Donald Trump est devenu le premier président des Etats-Unis à être mis en accusation pour la deuxième fois au Congrès, une semaine avant la fin de son mandat qui s'achève dans un climat d'extrême tension. La Chambre des représentants, dominée par les démocrates, s'est prononcée dans la nuit de mercredi à jeudi en faveur de cet "impeachment" historique par 232 voix contre 197. Le milliardaire républicain de 74 ans, qui cédera la place le 20 janvier à Joe Biden, 78 ans, est accusé d'avoir encouragé l'assaut donné le 6 janvier par ses partisans contre le Capitole – qui a fait cinq morts et ébranlé la démocratie américaine.

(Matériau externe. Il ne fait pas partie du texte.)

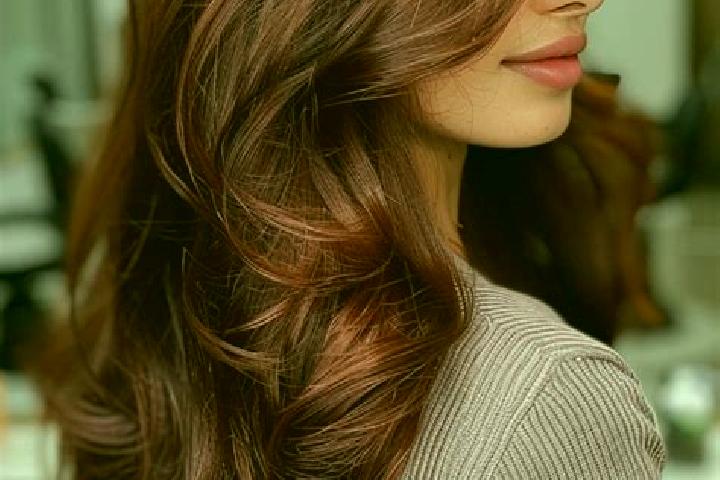 Chloe, 34, a auburn brown-eyed indian companion based in QvutsatYavne. Offering Roleplay, A-Level, GFE, Deep French Kissing. Available for incall and outcall...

"Il doit partir, il est un danger évident et immédiat contre la nation que nous aimons tous", avait déclaré peu avant Nancy Pelosi, la présidente démocrate de la Chambre, l'accusant d'avoir "incité à cette insurrection, cette rébellion armée". "Personne n'est au-dessus de la loi, pas même le président", a-t-elle commenté après le vote. Contrairement à l'acte d'impeachment dans l'affaire ukrainienne il y a plus d'un an, adopté par les seuls démocrates, dix députés républicains ont voté cette fois-ci en faveur du renvoi en procès. Parmi eux, Dan Newhouse a martelé qu'il n'y avait "pas d'excuse pour les actes du président Trump".
Ce vote marque l'ouverture formelle de la procédure de destitution contre Donald Trump, et il appartient désormais au Sénat de le juger. Mais ce procès ne s'ouvrira pas avant l'arrivée au pouvoir de Joe Biden. "Il n'y a simplement aucune chance de pouvoir conclure son procès de manière sérieuse et équitable avant la prestation de serment du président élu", a justifié le chef de file des républicains à la chambre haute, Mitch McConnell. Le calendrier reste donc incertain. Pour les démocrates, le risque est qu'il accapare toute l'attention et entrave l'action législative du début de mandat en monopolisant les séances. "J'espère que le Sénat trouvera une façon de gérer ses responsabilités constitutionnelles concernant le procès en destitution, tout en conduisant les affaires urgentes de la nation", a demandé Joe Biden, citant, entre autres, la confirmation des membres de son cabinet, la relance de l'économie américaine et la poursuite du plan de distribution de vaccins contre la Covid-19.